The average GT was 693 ms (SD = 27) and this variable did not produce any manipulation related effects (all F < 1). Results for tPGA yielded main effects for condition, F_(4,60) = 26.76, p < 0.001, and object size, F_(3,45) = 7.46, p < 0.01. In particular, tPGA values for pantomime-grasping conditions did not reliably vary (BPH− = 599 ms, SD = 46; BPH+ = 609 ms, SD = 36; RPH− = 574 ms, SD = 39; RPH+ = 578 ms, SD = 40; all t₍₁₅₎ < 1) and occurred later than the MG condition (507 ms, SD = 45; all t₍₁₅₎ > 5.80, all p < 0.001). In addition, across all trial-types tPGA increased linearly with increasing object size (only linear effect significant: F_(1,15) = 9.44, p < 0.01). Results for PGA produced main effects for condition, F_(4,60) = 31.82, p < 0.001, object size, F_(3,45) = 399.19, p < 0.001, and their interaction, F_(12,180) = 2.76, p < 0.01. Figure 3 shows that PGAs for all trial-types increased with increasing object size (only linear effects significant: all F_(1,15) = 206.79, 338.38, 207.78, 355.77 and 328.93 for BPH−, BPH+, RPH−, RPH+ and MG trials, respectively, all p < 0.001). As well, at each matched object size PGAs for the MG condition were larger than all pantomime trial-types (all t₍₁₅₎ > 4.91, all p < 0.001), which did not reliably differ from one another (all t < 1).

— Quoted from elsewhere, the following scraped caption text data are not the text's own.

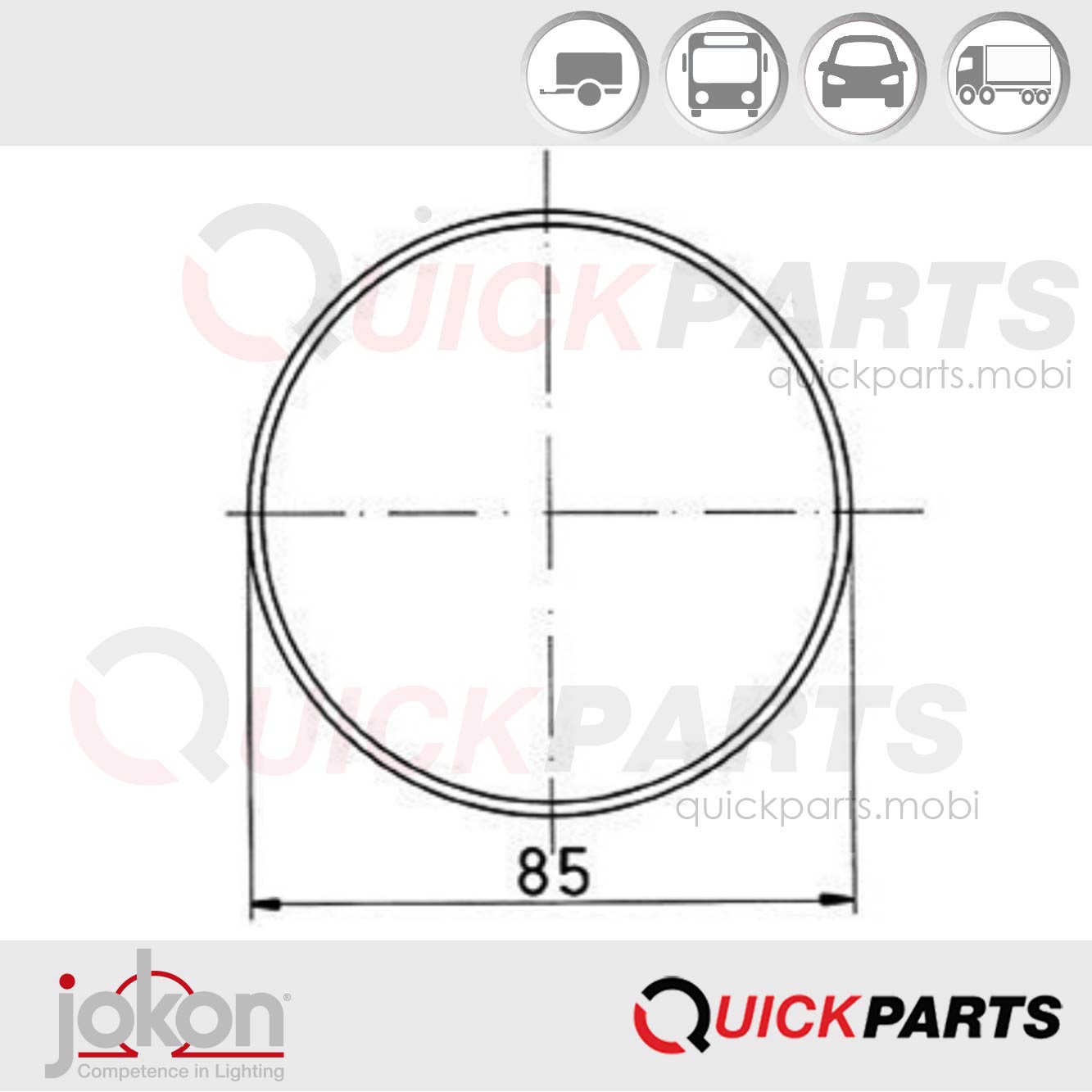Rückstrahler | Jokon 30.0010.010, E1-31281 – Bild 2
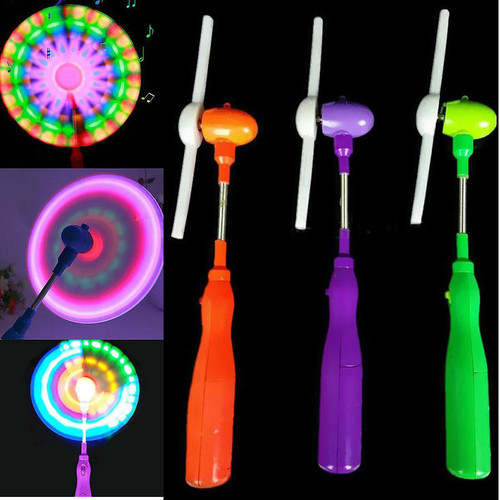 Flashing light led spinning - light, up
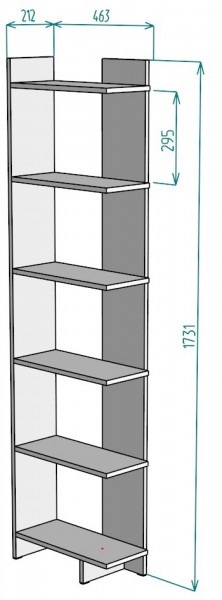 Стеллаж S4 (Белый) в Дегтярске - degtyarsk.mebel-e96.ru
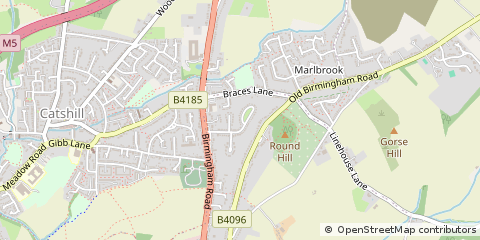 Map of Bromsgrove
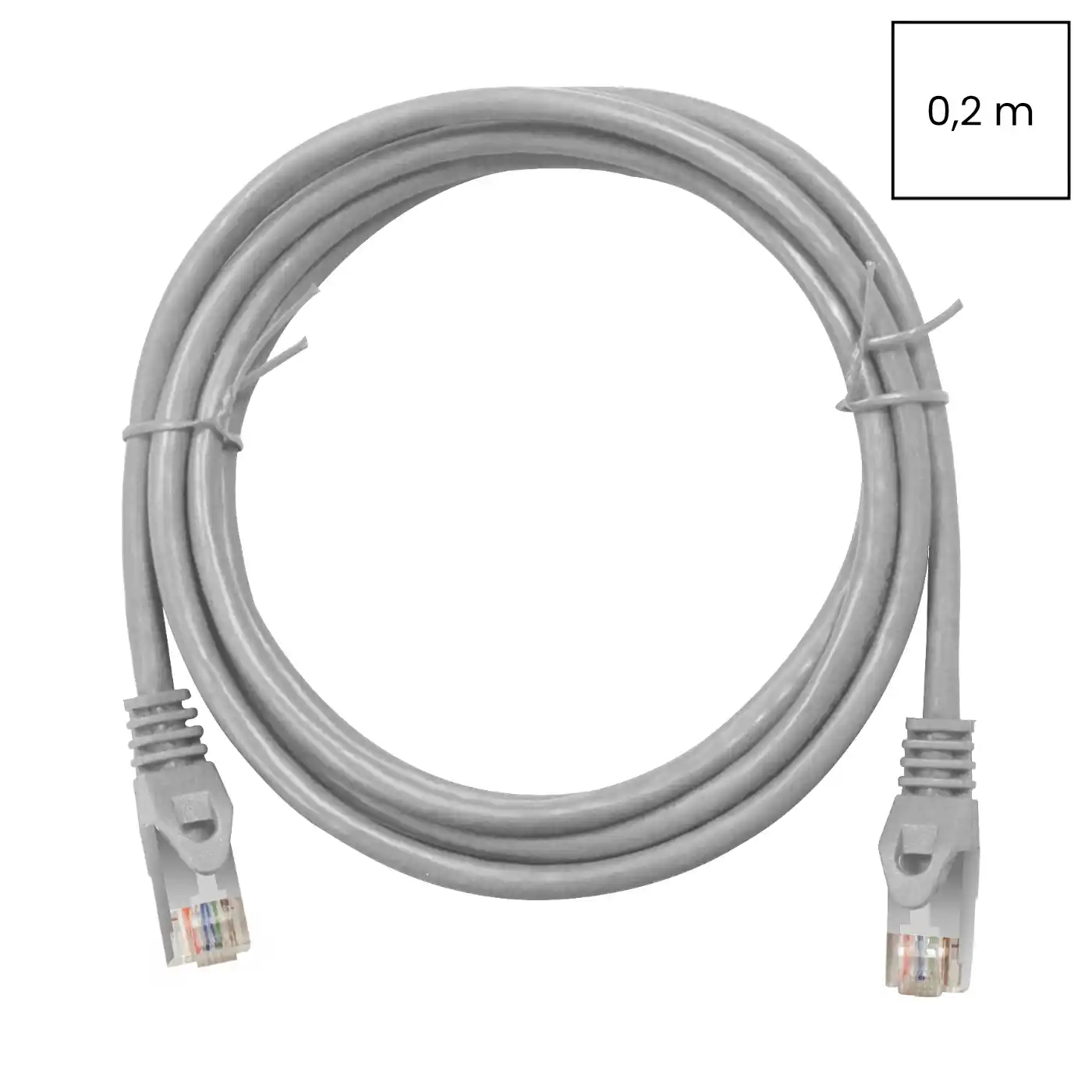 Cablu date și TV - Patchcablu Cat 6A ecranat exterior PE Schrack 10Gbps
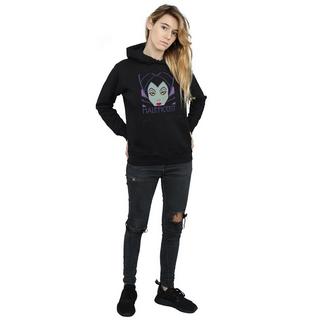 Disney  Sweat à capuche MALEFICENT CROPPED HEAD 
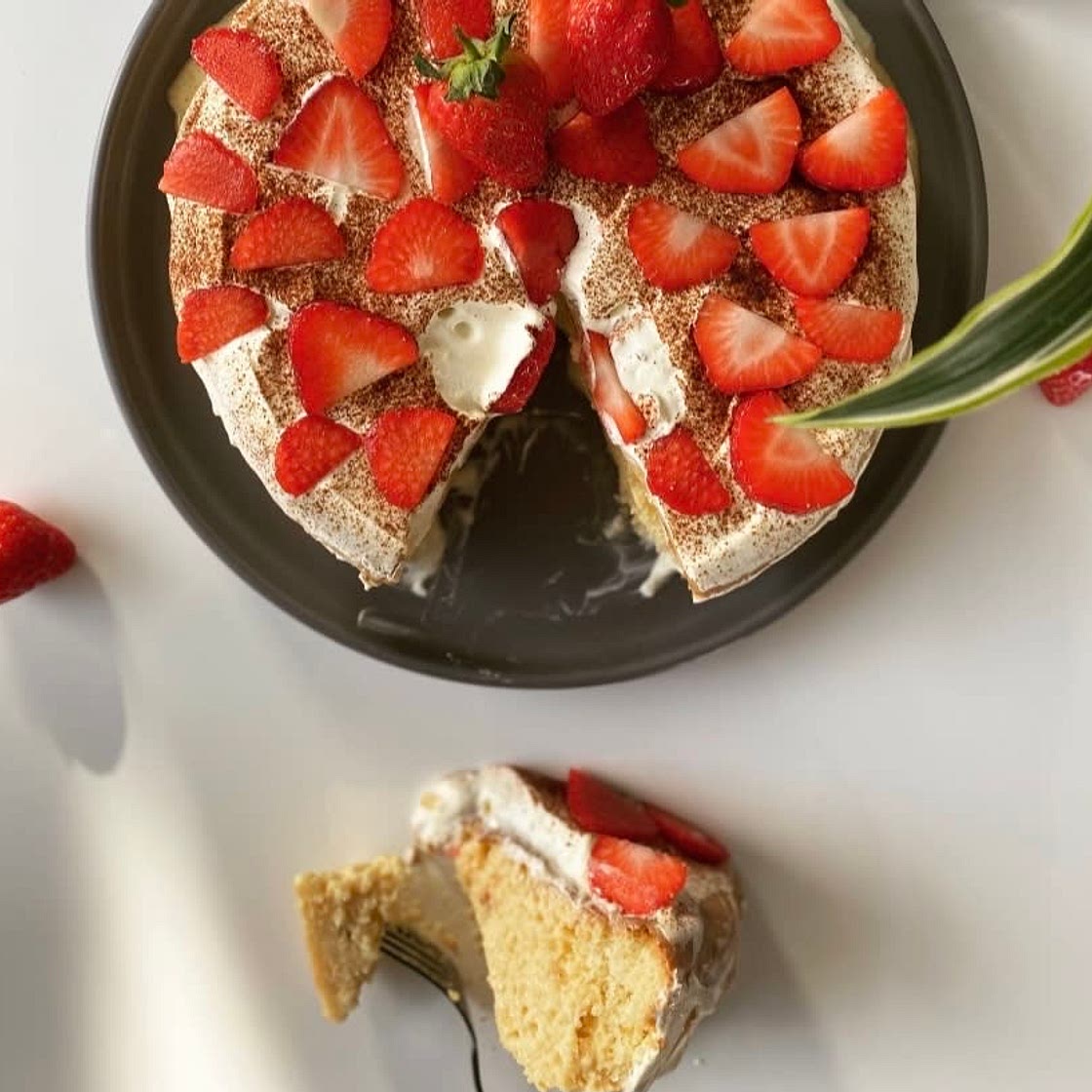 Très leches cake + dulce de leche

In terms of TGA, results indicated a main effect for object size, F_(3,45) = 428.94, p < 0.001, such that values increased linearly with increasing object size (only linear effect significant: F_(1,15) = 514.16, p < 0.001; see Figure 3). As well, we note that the absence of a reliable effect of condition, F_(4,60) < 1, for TGA demonstrates that the larger aperture values associated with MG trials early in the grasping trajectory (i.e., at PGA) were no longer present at movement offset.

FIGURE 3

Figure 3. The left panels present mean peak grip aperture (PGA in mm; see closed circle symbols and dashed regression line) and terminal grip aperture (TGA in mm; see open square symbols and dotted regression line) and the right panels depict just-noticeable-difference (JND in mm) values computed at PGA (see closed circle symbols and dashed regression line) and TGA (see open square symbols and dotted regression line) for: (1) blocked feedback schedule pantomime-grasping trials performed with (BPH+) and (2) without (BPH−) haptic feedback, and (3) random feedback schedule pantomime-grasping trials performed with (RPH+) and (4) without (RPH−) haptic feedback, and (5) MG trials. Error bars represent 95% within-participants confidence intervals as a function of the mean-squared error term for object size computed separately for each trial-type (Loftus and Masson, 1994). Note: for the PGA and TGA panels the size of the error bars is less than the width of the symbol depicting the mean value, as well, for all pantomime-grasp trial-types a significant degree of overlap exists between PGA and TGA values. The inset panels represent the mean participant-specific slope relating PGA and TGA to object size and JNDs (computed separately at PGA and TGA) to object size. Error bars represent 95% between-participant confidence intervals and the absence of overlap between a confidence interval and the horizontal line indicates that the slope reliably differed from zero, and is a result that can be interpreted inclusive to a test of the null hypothesis (Cumming, 2013).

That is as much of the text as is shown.